%%
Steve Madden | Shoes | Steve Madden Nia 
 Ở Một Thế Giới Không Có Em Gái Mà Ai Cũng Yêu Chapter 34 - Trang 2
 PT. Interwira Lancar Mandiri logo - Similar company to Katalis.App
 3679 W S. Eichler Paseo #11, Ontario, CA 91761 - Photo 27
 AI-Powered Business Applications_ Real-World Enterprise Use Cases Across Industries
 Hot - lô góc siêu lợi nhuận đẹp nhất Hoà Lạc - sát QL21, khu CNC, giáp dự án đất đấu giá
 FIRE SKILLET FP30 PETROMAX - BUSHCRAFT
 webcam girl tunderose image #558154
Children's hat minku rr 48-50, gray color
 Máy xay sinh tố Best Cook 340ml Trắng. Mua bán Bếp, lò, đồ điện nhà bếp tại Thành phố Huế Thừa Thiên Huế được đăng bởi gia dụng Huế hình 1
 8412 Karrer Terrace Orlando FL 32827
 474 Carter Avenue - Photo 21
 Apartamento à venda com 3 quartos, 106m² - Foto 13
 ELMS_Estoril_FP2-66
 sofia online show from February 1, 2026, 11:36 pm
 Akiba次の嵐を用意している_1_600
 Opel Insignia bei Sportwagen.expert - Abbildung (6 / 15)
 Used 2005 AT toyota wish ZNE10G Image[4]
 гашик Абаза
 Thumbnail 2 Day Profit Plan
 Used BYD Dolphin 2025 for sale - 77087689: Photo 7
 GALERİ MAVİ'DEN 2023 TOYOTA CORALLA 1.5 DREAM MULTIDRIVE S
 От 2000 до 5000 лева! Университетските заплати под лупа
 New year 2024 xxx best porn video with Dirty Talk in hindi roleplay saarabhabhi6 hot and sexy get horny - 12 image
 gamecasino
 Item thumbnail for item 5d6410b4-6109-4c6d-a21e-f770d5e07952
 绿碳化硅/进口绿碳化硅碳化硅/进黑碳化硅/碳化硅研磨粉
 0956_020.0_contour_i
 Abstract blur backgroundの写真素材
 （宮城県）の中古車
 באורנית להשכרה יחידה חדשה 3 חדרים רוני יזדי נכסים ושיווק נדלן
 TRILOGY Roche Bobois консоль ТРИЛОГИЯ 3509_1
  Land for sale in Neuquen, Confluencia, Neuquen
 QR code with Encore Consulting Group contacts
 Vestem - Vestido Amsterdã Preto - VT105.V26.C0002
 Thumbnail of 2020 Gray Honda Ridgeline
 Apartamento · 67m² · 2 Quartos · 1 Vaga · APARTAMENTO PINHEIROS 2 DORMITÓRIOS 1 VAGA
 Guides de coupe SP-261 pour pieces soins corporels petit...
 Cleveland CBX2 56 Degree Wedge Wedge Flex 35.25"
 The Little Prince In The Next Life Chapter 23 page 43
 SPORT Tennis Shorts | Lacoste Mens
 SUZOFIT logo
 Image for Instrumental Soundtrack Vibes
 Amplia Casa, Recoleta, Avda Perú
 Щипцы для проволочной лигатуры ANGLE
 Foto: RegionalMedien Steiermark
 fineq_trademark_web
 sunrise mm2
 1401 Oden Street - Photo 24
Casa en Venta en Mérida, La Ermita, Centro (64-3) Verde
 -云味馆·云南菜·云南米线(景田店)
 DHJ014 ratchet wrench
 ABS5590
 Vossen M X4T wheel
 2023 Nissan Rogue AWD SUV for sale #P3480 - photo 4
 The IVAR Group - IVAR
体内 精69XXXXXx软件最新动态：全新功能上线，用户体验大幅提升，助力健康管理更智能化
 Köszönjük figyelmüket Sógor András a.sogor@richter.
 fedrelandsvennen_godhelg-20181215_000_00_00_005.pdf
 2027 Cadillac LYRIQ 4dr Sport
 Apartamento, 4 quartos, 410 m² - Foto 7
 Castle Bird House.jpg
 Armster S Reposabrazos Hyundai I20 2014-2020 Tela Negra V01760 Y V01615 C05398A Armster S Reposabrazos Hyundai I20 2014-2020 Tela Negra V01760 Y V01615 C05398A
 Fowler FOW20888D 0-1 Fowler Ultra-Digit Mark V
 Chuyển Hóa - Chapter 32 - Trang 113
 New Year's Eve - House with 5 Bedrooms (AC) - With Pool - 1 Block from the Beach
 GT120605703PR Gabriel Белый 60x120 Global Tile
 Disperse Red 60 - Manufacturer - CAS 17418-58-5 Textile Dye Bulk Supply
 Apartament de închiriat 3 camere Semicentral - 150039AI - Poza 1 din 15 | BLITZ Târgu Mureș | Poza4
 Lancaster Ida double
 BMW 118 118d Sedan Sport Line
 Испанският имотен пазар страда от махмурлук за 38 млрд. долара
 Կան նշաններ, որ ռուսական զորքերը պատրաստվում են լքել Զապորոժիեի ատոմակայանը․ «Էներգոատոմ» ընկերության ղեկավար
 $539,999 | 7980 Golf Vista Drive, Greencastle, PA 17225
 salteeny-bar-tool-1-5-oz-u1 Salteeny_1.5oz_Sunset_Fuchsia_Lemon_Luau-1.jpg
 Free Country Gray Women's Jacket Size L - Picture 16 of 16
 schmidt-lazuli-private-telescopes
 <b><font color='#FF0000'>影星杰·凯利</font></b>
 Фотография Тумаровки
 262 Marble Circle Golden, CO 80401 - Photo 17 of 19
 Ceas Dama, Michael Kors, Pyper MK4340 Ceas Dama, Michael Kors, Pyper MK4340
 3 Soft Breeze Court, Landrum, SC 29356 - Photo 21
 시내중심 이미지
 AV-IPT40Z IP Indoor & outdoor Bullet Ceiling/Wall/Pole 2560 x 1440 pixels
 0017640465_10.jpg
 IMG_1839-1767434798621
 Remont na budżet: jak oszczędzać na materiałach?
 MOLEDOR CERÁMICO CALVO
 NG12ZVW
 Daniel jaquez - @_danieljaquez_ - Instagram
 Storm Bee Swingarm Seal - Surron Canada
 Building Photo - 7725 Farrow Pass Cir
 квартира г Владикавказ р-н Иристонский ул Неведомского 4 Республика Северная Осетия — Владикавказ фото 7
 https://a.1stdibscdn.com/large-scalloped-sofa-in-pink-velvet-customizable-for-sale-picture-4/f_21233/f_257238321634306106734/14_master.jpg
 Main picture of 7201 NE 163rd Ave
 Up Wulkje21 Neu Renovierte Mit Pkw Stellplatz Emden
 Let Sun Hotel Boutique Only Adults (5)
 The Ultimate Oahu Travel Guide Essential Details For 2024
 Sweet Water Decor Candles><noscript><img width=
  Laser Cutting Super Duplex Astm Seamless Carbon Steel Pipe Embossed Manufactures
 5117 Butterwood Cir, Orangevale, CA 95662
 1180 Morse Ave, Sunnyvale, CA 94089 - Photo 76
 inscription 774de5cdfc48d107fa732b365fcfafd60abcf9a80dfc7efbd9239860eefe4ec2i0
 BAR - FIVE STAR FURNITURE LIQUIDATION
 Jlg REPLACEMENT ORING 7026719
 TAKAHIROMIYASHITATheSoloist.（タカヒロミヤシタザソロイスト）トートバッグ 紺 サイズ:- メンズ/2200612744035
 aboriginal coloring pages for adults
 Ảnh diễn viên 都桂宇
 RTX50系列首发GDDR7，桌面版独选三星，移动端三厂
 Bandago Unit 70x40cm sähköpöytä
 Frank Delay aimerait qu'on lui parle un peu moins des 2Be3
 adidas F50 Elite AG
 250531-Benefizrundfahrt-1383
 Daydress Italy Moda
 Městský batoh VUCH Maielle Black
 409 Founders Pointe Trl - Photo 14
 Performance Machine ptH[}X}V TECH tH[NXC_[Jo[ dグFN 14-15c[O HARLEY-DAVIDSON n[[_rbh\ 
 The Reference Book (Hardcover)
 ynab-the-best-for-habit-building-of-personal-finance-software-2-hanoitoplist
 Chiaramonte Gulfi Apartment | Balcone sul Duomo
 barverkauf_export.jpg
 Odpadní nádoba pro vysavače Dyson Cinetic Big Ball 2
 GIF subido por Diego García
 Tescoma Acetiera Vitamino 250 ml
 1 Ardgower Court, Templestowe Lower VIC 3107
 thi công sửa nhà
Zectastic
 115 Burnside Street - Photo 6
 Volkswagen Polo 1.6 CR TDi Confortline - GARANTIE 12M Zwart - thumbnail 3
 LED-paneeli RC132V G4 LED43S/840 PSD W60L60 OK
%%
### Task requirements:
Copy, exactly and only, the lines above that begin with the one containing "гашик Абаза" and finish with the one containing "Castle Bird House.jpg".

### Completed task:
 гашик Абаза
 Thumbnail 2 Day Profit Plan
 Used BYD Dolphin 2025 for sale - 77087689: Photo 7
 GALERİ MAVİ'DEN 2023 TOYOTA CORALLA 1.5 DREAM MULTIDRIVE S
 От 2000 до 5000 лева! Университетските заплати под лупа
 New year 2024 xxx best porn video with Dirty Talk in hindi roleplay saarabhabhi6 hot and sexy get horny - 12 image
 gamecasino
 Item thumbnail for item 5d6410b4-6109-4c6d-a21e-f770d5e07952
 绿碳化硅/进口绿碳化硅碳化硅/进黑碳化硅/碳化硅研磨粉
 0956_020.0_contour_i
 Abstract blur backgroundの写真素材
 （宮城県）の中古車
 באורנית להשכרה יחידה חדשה 3 חדרים רוני יזדי נכסים ושיווק נדלן
 TRILOGY Roche Bobois консоль ТРИЛОГИЯ 3509_1
  Land for sale in Neuquen, Confluencia, Neuquen
 QR code with Encore Consulting Group contacts
 Vestem - Vestido Amsterdã Preto - VT105.V26.C0002
 Thumbnail of 2020 Gray Honda Ridgeline
 Apartamento · 67m² · 2 Quartos · 1 Vaga · APARTAMENTO PINHEIROS 2 DORMITÓRIOS 1 VAGA
 Guides de coupe SP-261 pour pieces soins corporels petit...
 Cleveland CBX2 56 Degree Wedge Wedge Flex 35.25"
 The Little Prince In The Next Life Chapter 23 page 43
 SPORT Tennis Shorts | Lacoste Mens
 SUZOFIT logo
 Image for Instrumental Soundtrack Vibes
 Amplia Casa, Recoleta, Avda Perú
 Щипцы для проволочной лигатуры ANGLE
 Foto: RegionalMedien Steiermark
 fineq_trademark_web
 sunrise mm2
 1401 Oden Street - Photo 24
Casa en Venta en Mérida, La Ermita, Centro (64-3) Verde
 -云味馆·云南菜·云南米线(景田店)
 DHJ014 ratchet wrench
 ABS5590
 Vossen M X4T wheel
 2023 Nissan Rogue AWD SUV for sale #P3480 - photo 4
 The IVAR Group - IVAR
体内 精69XXXXXx软件最新动态：全新功能上线，用户体验大幅提升，助力健康管理更智能化
 Köszönjük figyelmüket Sógor András a.sogor@richter.
 fedrelandsvennen_godhelg-20181215_000_00_00_005.pdf
 2027 Cadillac LYRIQ 4dr Sport
 Apartamento, 4 quartos, 410 m² - Foto 7
 Castle Bird House.jpg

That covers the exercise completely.